Nigeria’s Bureau of Public Enterprises (BPE), the agency tasked with overseeing the privatisation of fixed line incumbent Nigeria Telecommunications (NITEL), is finalising the process for a negotiated sale of the telco, after the latest attempt to privatise the ailing company was cancelled earlier this year.
Nigerian newspaper
The Punch cites a spokesman for the BPE, Mr. Chukwuma Nwoko, as saying that the bureau is working out the details for the sale of NITEL and its mobile arm M-Tel.

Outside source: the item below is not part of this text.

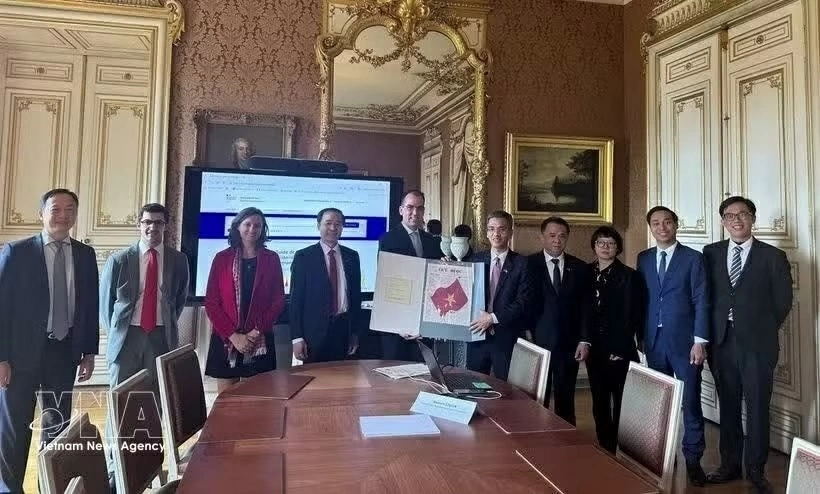 France hands over archival materials for exhibition at Communist Party of Vietnam Museum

He also confirmed that a number of potential core investors had shown interest in the exercise but declined to disclose the identity of the firms.
In the last month, initial bidder Brymedia Consortium, local firm Syntel and Microfone Telecom Nigeria, an initiative of the Nigerian Capital Development Fund, have all reportedly expressed an interest in acquiring NITEL and M-Tel.

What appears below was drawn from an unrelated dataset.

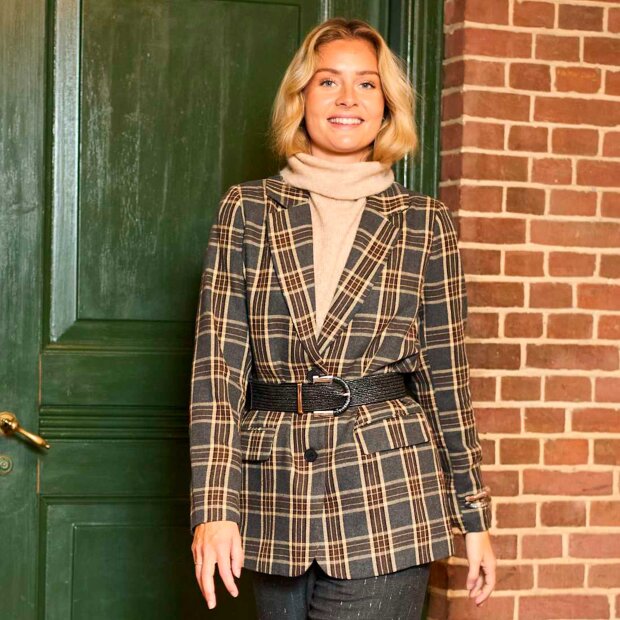 BLACK COLOUR - DELL ROLL NECK KNIT VEST | NATURAL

Meanwhile, Mike Adenuga, executive chairman of Nigeria’s second national telecoms operator Globacom, allegedly approached the government to purchase a stake in NITEL via a vehicle established especially for the deal.
Earlier this month that the BPE was given government approval to embark on a negotiated sale of NITEL, after the latest attempt to privatise the firm was cancelled in June 2011 when the reserve bidder, British Virgin Islands-based Omen International, failed to meet the deadline to pay a bid security. Omen was invited to re-register its interest in buying NITEL in March 2011, as preferred buyer New Generation Telecommunications repeatedly missed the payment deadlines for its bid of USD2.5 billion.
Omen offered USD956.9 million during the latest attempt to privatise the company, held in February 2010. The government began seeking a buyer for a minimum 75% of NITEL and 100% of M-Tel in July 2009 after previous majority shareholder Transcorp divested its stake earlier in the year.